L’intervento di don Meacci ha descritto l’essenza del metodo educativo scout, presentando gli strumenti che nella loro insita applicazione permettono ai ragazzi di vivere la dimensione missionaria e di attenzione all’alterità e all’accoglienza. Ecco che – per esempio – la Promessa scout, con l’esplicito riferimento alla Legge, diventa il modo per educare al prendersi cura degli altri e a tenere gli occhi aperti sulla propria realtà di vita. D’altronde – ha sottolineato don Meacci – «il cammino scout proposto a ogni bambino, ragazzo, giovane, è personale, progressivo, globale perché educa tutta la persona: lo scopo è quello di educare il buon cittadino (del mondo) e il buon cristiano». Tutto questo «apre ad una dimensione comunitaria, a maturare scelte verso la solidarietà, la dignità, la giustizia. In un clima sereno i bambini scoprono la bellezza del Bene comune, imparano il gusto dell’agire per gli altri, il guardarsi intorno; i più grandi sperimentano l’appartenenza ad una comunità che allarga i propri confini ad una realtà più ampia, e quindi diventano responsabili del proprio agire. Tutti sono chiamati a fare la propria parte».

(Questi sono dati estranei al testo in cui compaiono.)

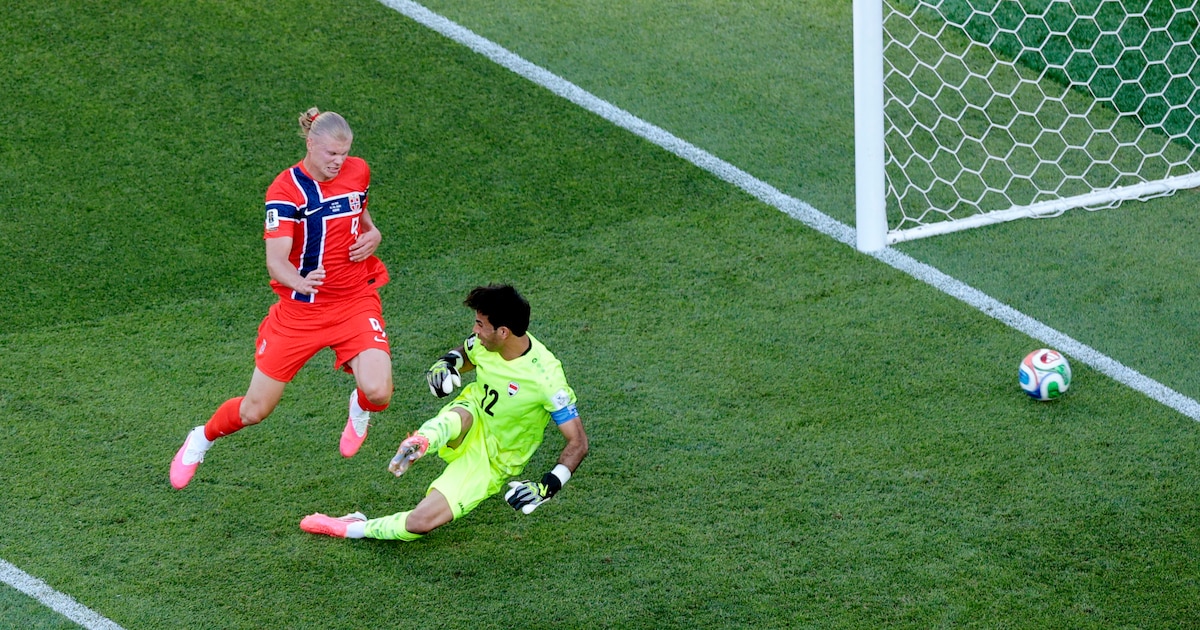 Erling Haaland celebra su gol en el Mundial 2026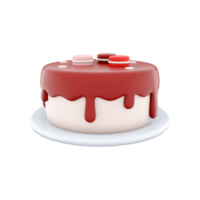 3d rendering cake with macarons on top icon. 3d render dessert with macarons and chocolate icing icon. Cake with macarons on top. png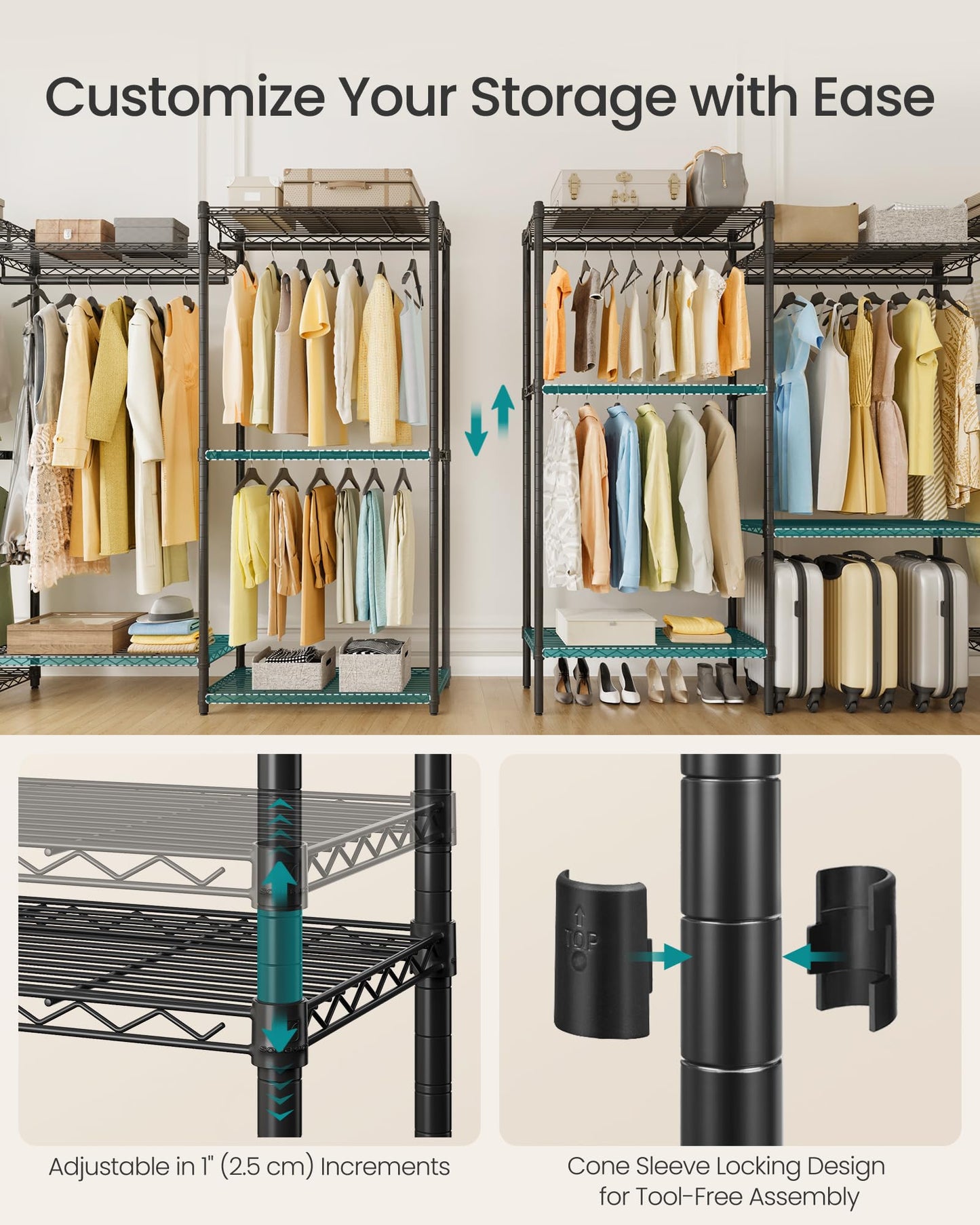 SONGMICS Heavy-Duty Portable Clothes Rack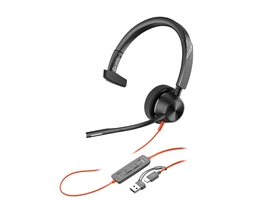 Hp Poly Blackwire 3310 Monaural Microsoft Teams Certified USB-C Headset +USB-C/A Adapter — image 14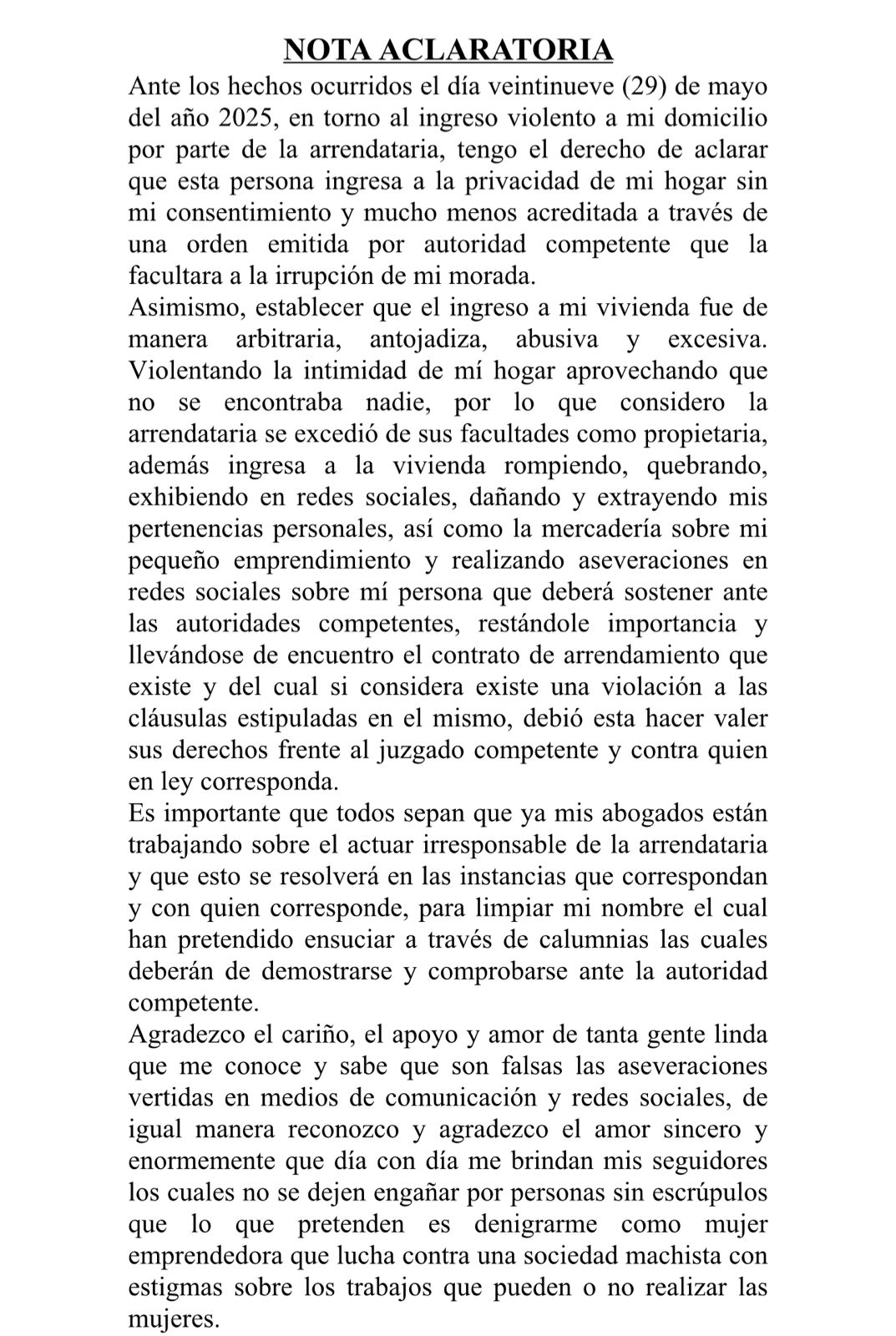 nota aclaratoria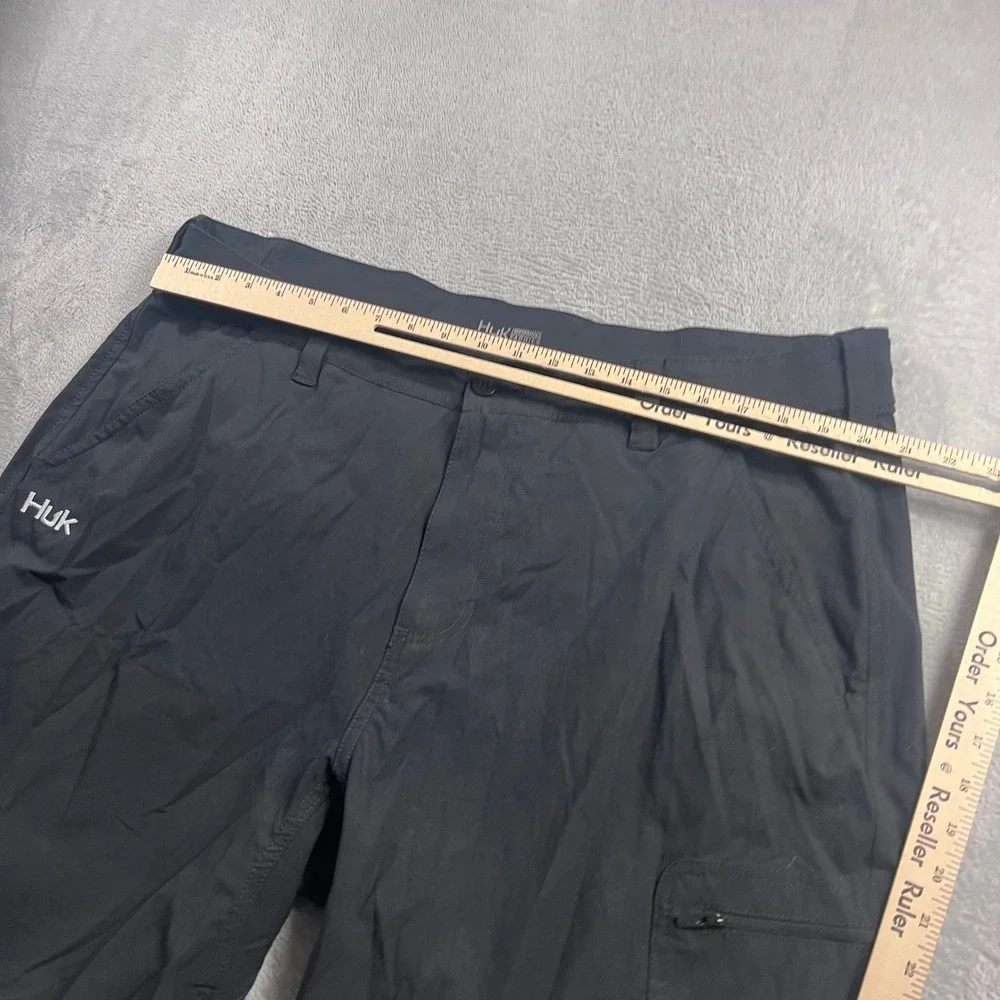 Huk Mens Black Performance Fishing Shorts Size XXL Quick Dry Cargo Pocket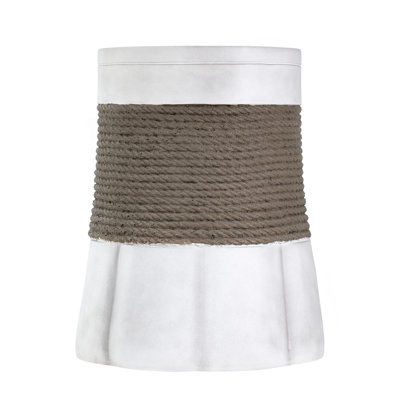 Outdoor Light Gray & Brown Retro Woven Rope & Fan-Base Mgo Side Table – End Table For Home, Office, Living Room & Outdoor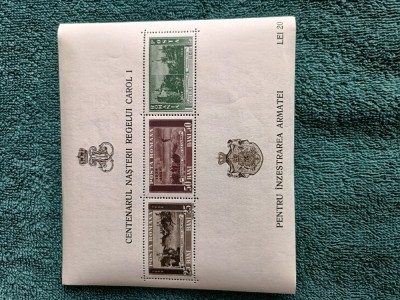 bloc filatelic Centenarul Nasterii Regelui Carol I , Inzestrarea Armatei , 20 lei foto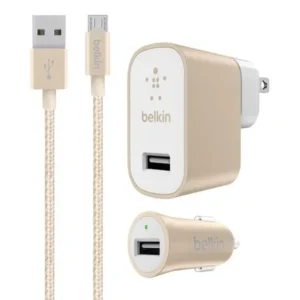Belkin Mixit Metallic 2.4A Premium Charging Kit w/ Micro USB Cable - Gold
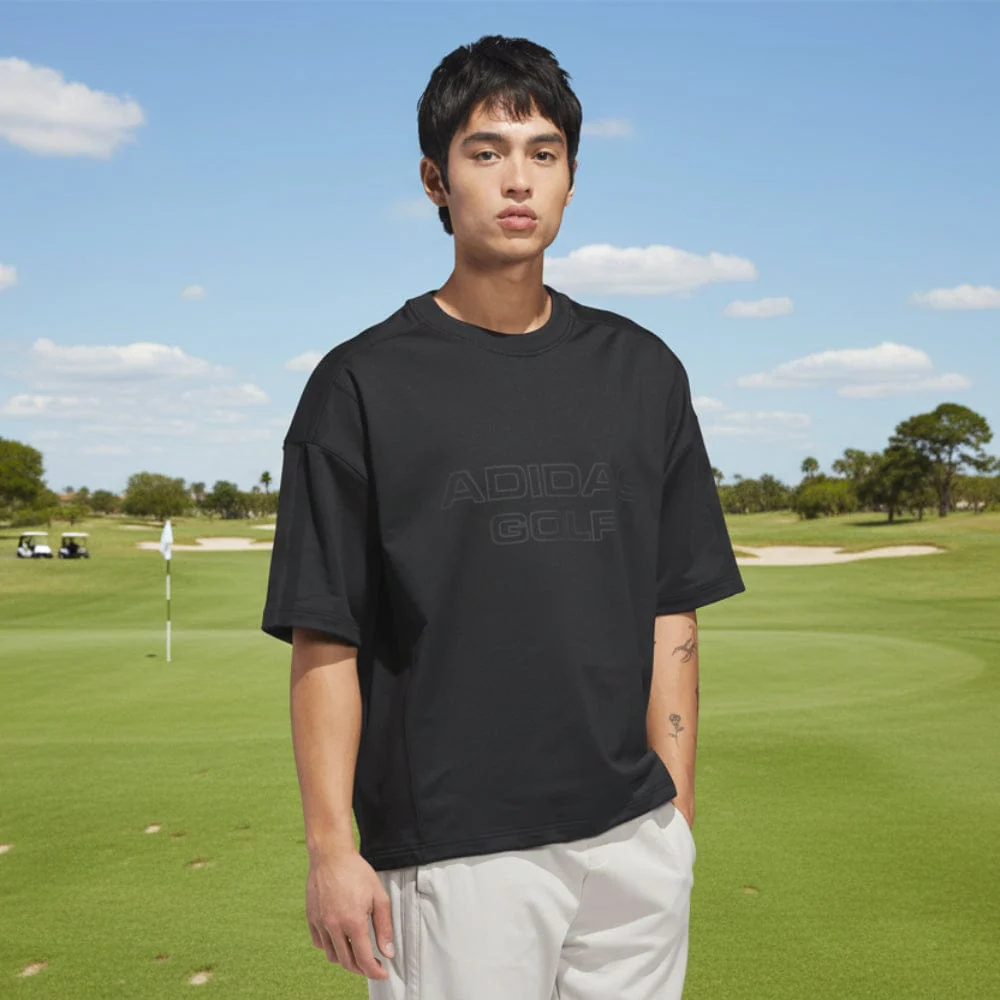 adidas Beyond Graphic Short Sleeve Crewneck Pullover - Black - Image 4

Nonostante la specificità dei diversi cammini educativi, i punti di contatto ci sono e lasciano intravedere un possibile sentiero di alleanze.
«Siamo, o no, tralci di un’unica vite?», si sono chiesti molti convegnisti a conclusione dell’evento, felici di aver partecipato ad un incontro che ha riunito realtà diverse che operano con i ragazzi. E la risposta condivisa è stata: «O ci riconosciamo tali (tralci di un’unica vite, ndr) oppure, se ognuno in concreto continuerà a difendere il proprio orticello, saremo destinati ad essere tagliati e bruciati».